Tata Group led the charge, buying Wistron’s Karnataka factory in 2023 and grabbing a big stake in Pegatron’s Tamil Nadu plant; now five factories—three Tata, two Foxconn—support nearly 45 companies across eight states, including stars like Motherson, Hindalco, Wipro Pari, Jabil, Aequs, SFO Technologies, and Bharat Forge for parts and assemblies.

Thanks to this, smartphone value addition jumped to 19% by mid-2025 over four years, per Ministry of Electronics and Information Technology (MeitY)—that’s close to half of China’s 40-45% built over 18 years since 2007. The new Electronics Components Manufacturing Scheme (ECMS) takes it further, aiming for 30% in four years; Apple suppliers like Motherson, Tata Electronics, Foxconn (enclosures), ATL (Li-ion cells), and Hindalco (aluminium) grabbed over 60% of investments and jobs in the second tranche, with total ECMS approvals hitting ₹54,567 crore for 46 firms and 27,614 direct jobs, as per Business Today and Business Standard reports.

 Samsung’s in too, making display modules for 300 new jobs. Now, iPhones make up 75% of smartphone shipments, turning the category into India’s top export item in FY25 from 167th in 2015—and India even exports components to China and Vietnam for Apple gear like MacBooks, AirPods, Watches, and Pencils.
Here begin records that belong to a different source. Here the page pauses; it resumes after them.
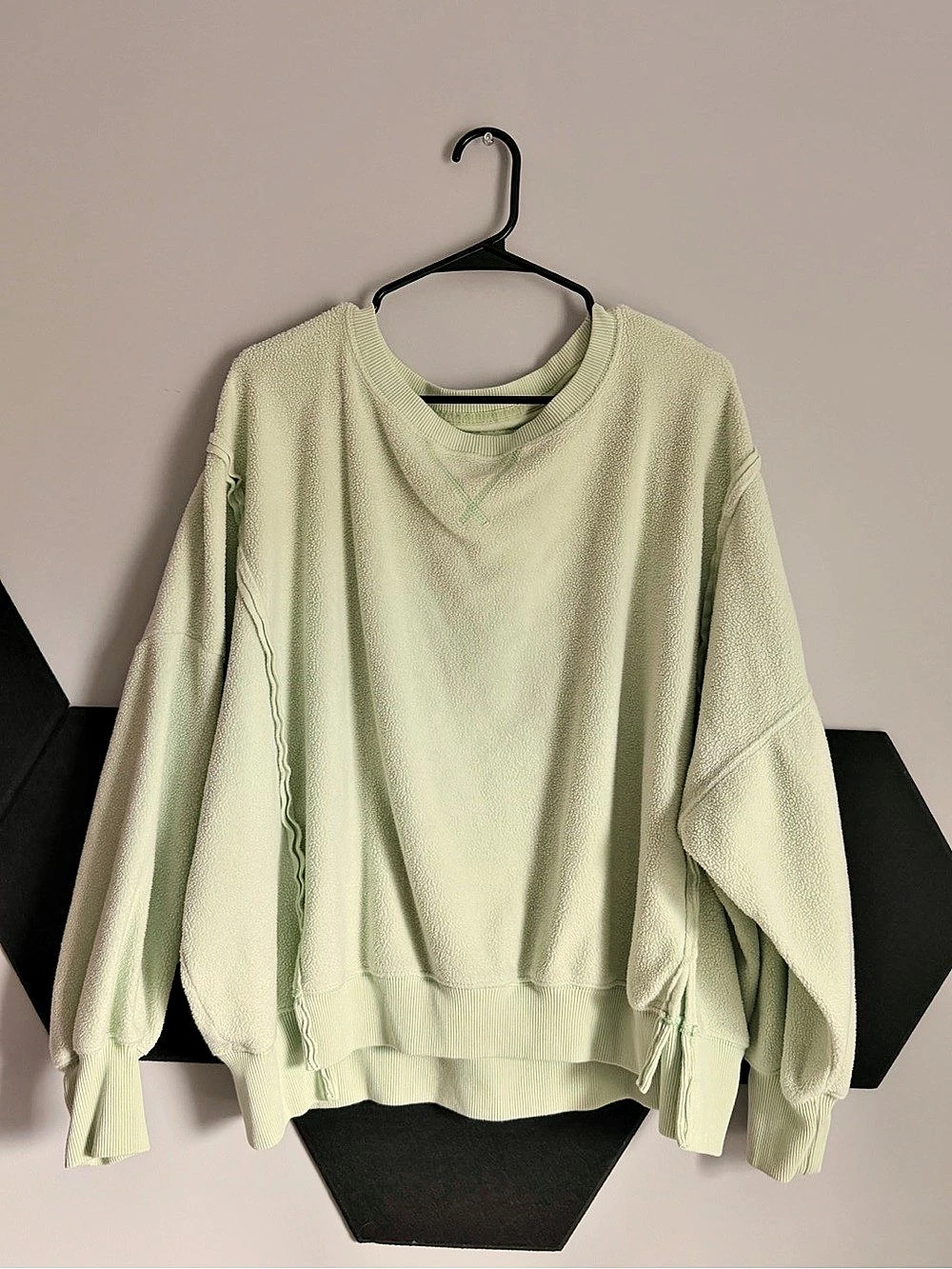 American Eagle Huggable by American Eagle Sage Green Sweatshirt Size Medium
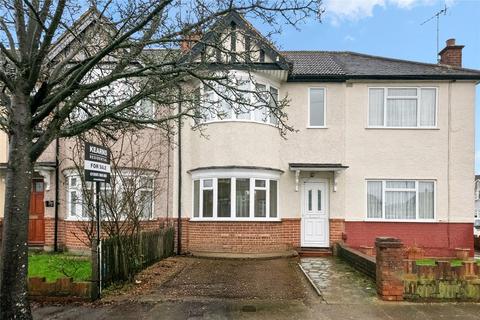 3 bed property, in 39 Hatherleigh Road, £445,000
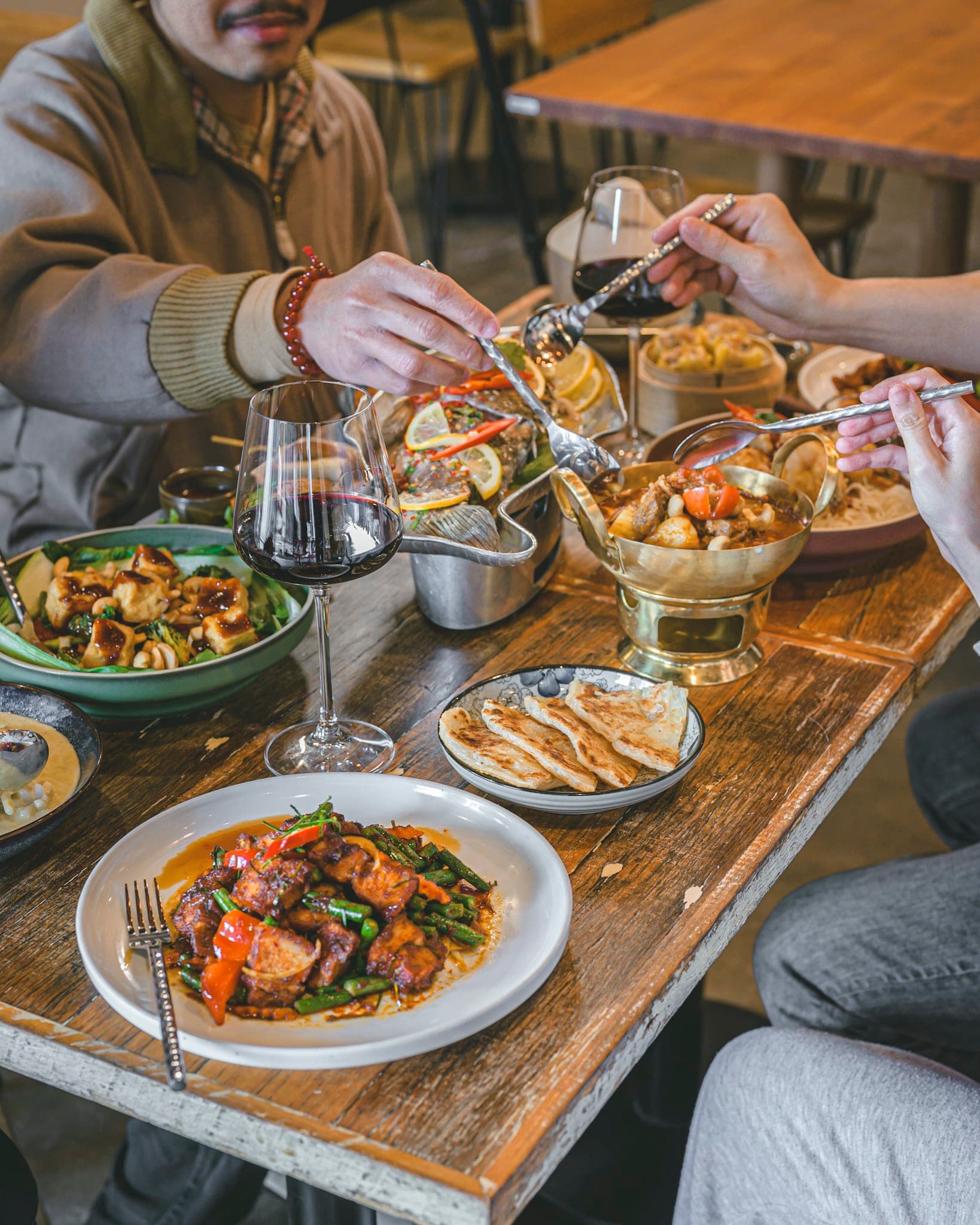 Khao Thai Atmosphere 1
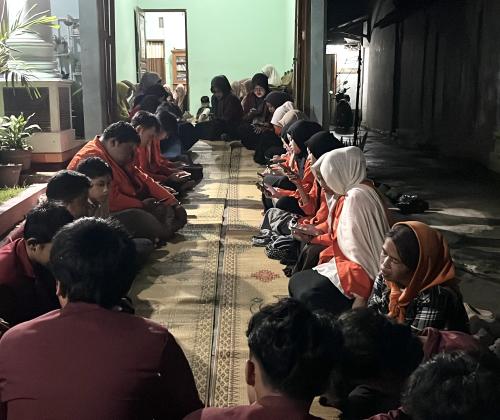 Mahasiswa KKN-T IPE AIK UM PKU Surakarta Gelar Pengajian Bersama Warga Karanggungan Tangkil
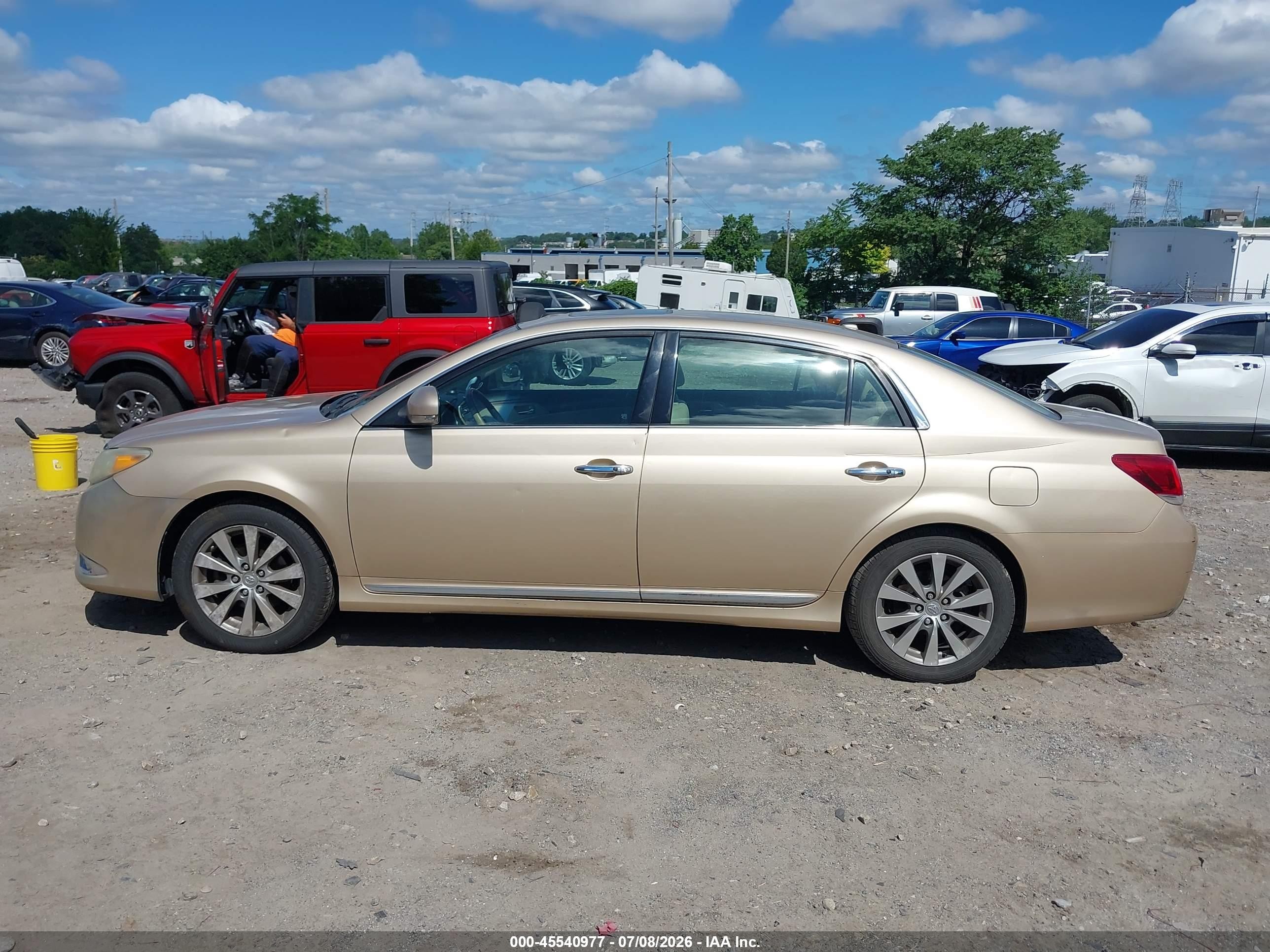 2011 Toyota Avalon Limited Gold vin: 4T1BK3DB1BU414752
With smartphone PLI wrapping up in March 2027 (extended one year after early misses due to setup delays for Apple and Dixon, unlike Samsung which finished FY21-FY25), officials promise ongoing support via new schemes to level the playing field against China and Vietnam. Queries to Apple and Samsung went unanswered, but the numbers don’t lie—this PLI push made India, besides China, the only iPhone maker, fueling a self-reliant ecosystem with MSMEs at the heart.